*** Opening Given data ***

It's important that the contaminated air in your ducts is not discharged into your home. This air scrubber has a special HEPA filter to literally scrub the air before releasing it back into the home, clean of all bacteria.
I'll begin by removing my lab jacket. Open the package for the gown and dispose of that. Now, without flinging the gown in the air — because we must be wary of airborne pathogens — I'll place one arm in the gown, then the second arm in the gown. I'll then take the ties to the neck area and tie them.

*** Closing Given data ***
*** Opening Given data ***

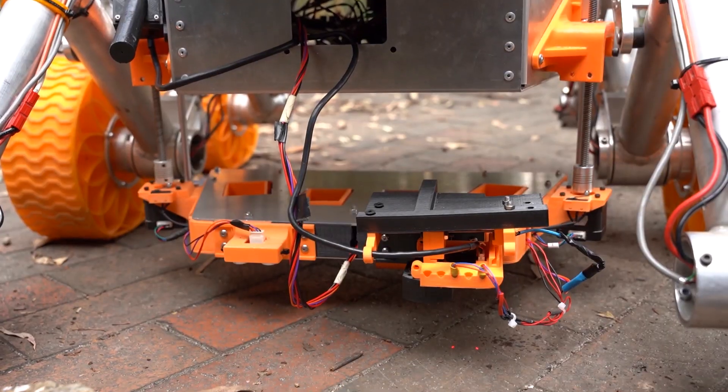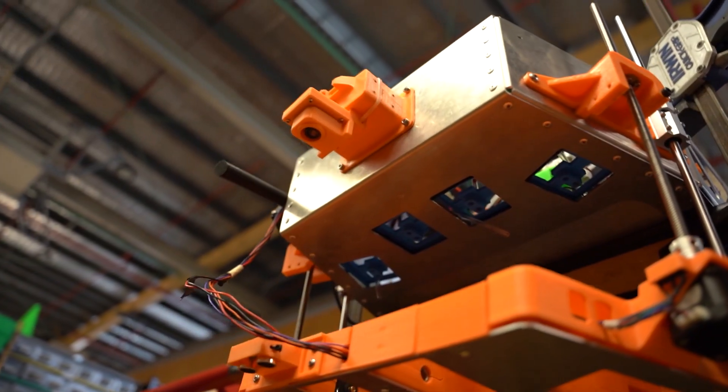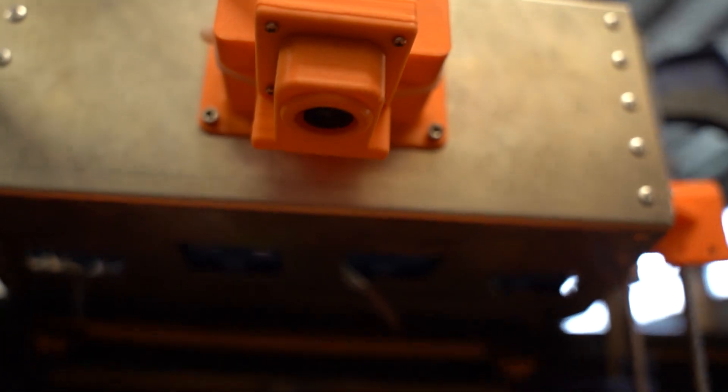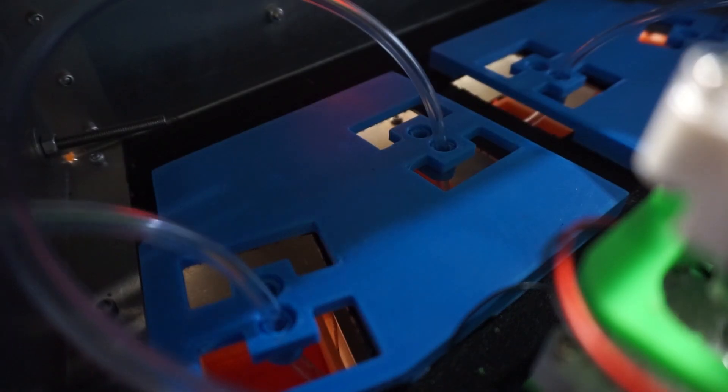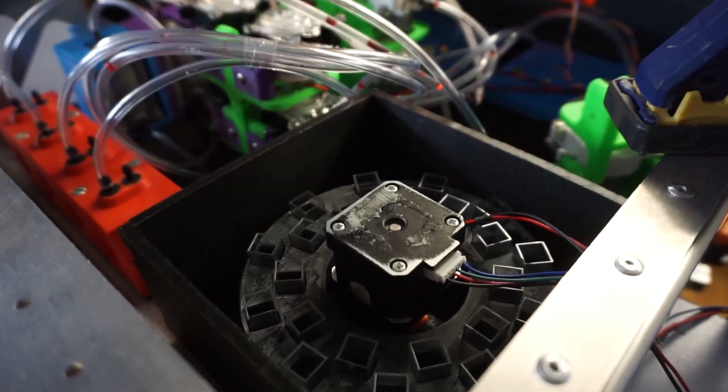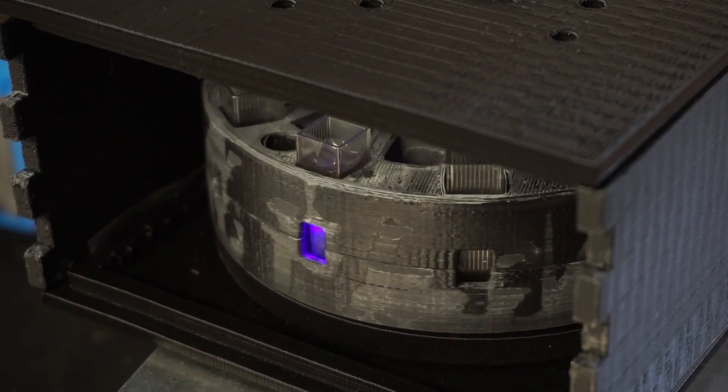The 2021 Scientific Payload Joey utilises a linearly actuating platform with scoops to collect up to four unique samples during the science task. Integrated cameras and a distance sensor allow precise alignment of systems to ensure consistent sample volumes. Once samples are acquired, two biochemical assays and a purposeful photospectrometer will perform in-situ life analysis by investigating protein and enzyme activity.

*** Closing Given data ***

> **Task prompt**:
Go through the entries above and copy every line containing "that".

> **Exercise result**:
It's important that the contaminated air in your ducts is not discharged into your home. This air scrubber has a special HEPA filter to literally scrub the air before releasing it back into the home, clean of all bacteria.
I'll begin by removing my lab jacket. Open the package for the gown and dispose of that. Now, without flinging the gown in the air — because we must be wary of airborne pathogens — I'll place one arm in the gown, then the second arm in the gown. I'll then take the ties to the neck area and tie them.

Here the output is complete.